Zum Inhalt springen

Distributed Systems: Consensus, CAP, and the Hard Problems

Zusammenfassung

“A distributed system is one in which the failure of a computer you didn’t even know existed can render your own computer unusable.” Leslie Lamport’s wry definition captures the essential character of the field: distributed systems are not just programs spread across many machines, they are programs that must keep working while individual machines fail, messages vanish, and clocks disagree about what time it is. Every large-scale service — Google, Amazon, your bank, the system that just processed this page — is a distributed system, and behind their apparent solidity lies a body of theory built on impossibility results, hard-won trade-offs, and consensus algorithms that took the field thirty years to make understandable.

Why Distribute at All

A single computer has limits: finite CPU, memory, and storage, and a single point of failure — when it dies, the service dies. A distributed system spreads computation and data across multiple networked machines to overcome these limits, pursuing three goals:

  • Scalability — handle more load than any single machine could, by adding more machines (horizontal scaling) rather than buying a bigger one (vertical scaling).
  • Fault tolerance — keep running when individual machines fail, by replicating data and work across many nodes so no single failure takes down the whole.
  • Low latency — place data and computation physically near users scattered across the globe.

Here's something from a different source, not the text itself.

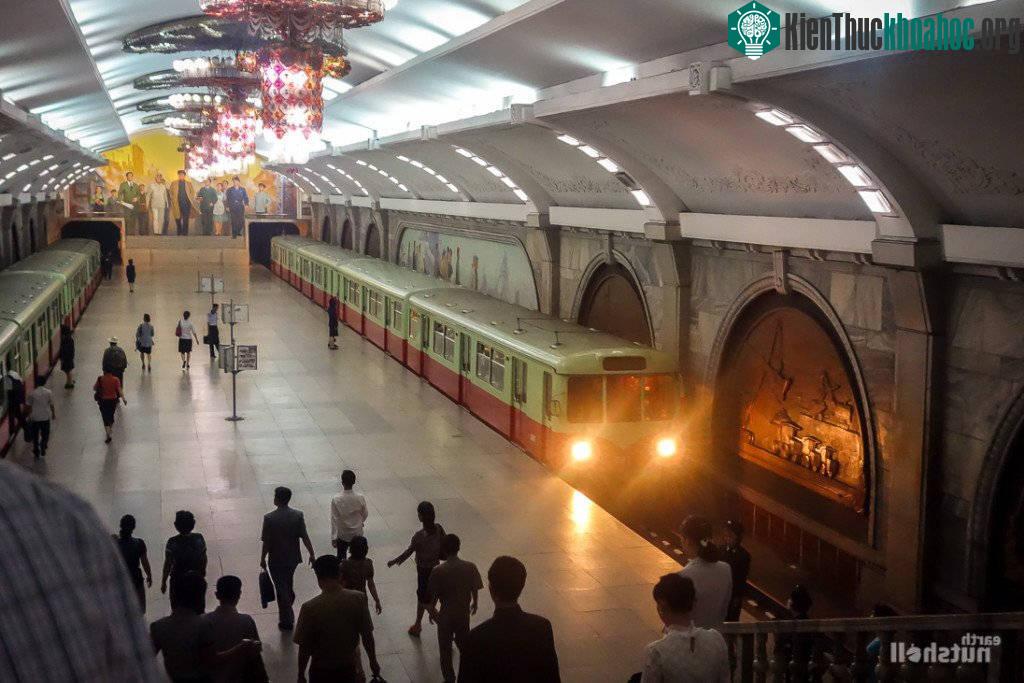 Hệ thống có 2 đường ray và 16 trạm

The catch is that distribution does not merely add complexity — it introduces fundamentally new kinds of problem that simply do not exist on a single machine. These problems are not engineering inconveniences to be polished away; several are mathematically proven to be unsolvable in general.

The Eight Fallacies

In the 1990s, engineers at Sun Microsystems (Peter Deutsch and others) cataloged the Eight Fallacies of Distributed Computing — false assumptions that newcomers reliably make and that reliably cause systems to fail:

  1. The network is reliable.
  2. Latency is zero.
  3. Bandwidth is infinite.
  4. The network is secure.
  5. Topology doesn’t change.
  6. There is one administrator.
  7. Transport cost is zero.
  8. The network is homogeneous.

Every one is false, and every distributed system that ignores them eventually breaks in production. The fallacies endure as the field’s first lesson: the network is not an extension of your computer; it is a hostile, unpredictable medium that loses, delays, duplicates, and reorders your messages.

The Deepest Problem: Agreement Despite Failure

The central technical problem of distributed systems is consensus: getting multiple machines to agree on a single value or a single ordering of events, even when some machines crash and messages are delayed or lost. This sounds trivial and is, in fact, one of the hardest problems in computer science.

It is hard because of a fundamental limit: in an asynchronous network, a machine that has stopped responding is indistinguishable from one that is merely slow. You cannot tell a dead node from a slow one, so you can never safely conclude “that node is gone, let’s proceed without it” — it might come back and disagree.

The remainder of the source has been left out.